2. At address, start with more weight on your right side. Doing this will give you a shallower arc that travels parallel to the ground longer through the impact area. With your driver, at address about 65-70 percent of your weight should be on the right side.
Change of direction: A very critical point in the golf swing is at the top of the backswing. It is here that the club changes direction from back to forward. This transition must be a smooth and gentle motion. I see too many golfers who get to the top of the swing and make a violent first move into the forward swing in an effort to hit the ball hard. This quick motion to hit the ball hard with the hands throws off the timing in your arm swing and weight transfer to your left side. In effect, your hands get ahead of your arms and legs, which results in you getting way out of position, which will lead to very inconsistent shots.

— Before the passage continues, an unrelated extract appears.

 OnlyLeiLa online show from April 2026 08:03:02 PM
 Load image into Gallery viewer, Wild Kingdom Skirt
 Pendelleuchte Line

To overcome this "hit it hard" impulse, the next time you are at the driving range try this out: Start with a 6- or 7-iron and work on hitting consistent shots that travel a comfortable distance for you. Now take out your driver and swing at the same speed as you were with the iron. Learn to swing within yourself and not to try to overpower the ball with a hard, violent motion. By learning how to make smooth, evenly paced swings, you will make solid contact more often which will result in better overall driving.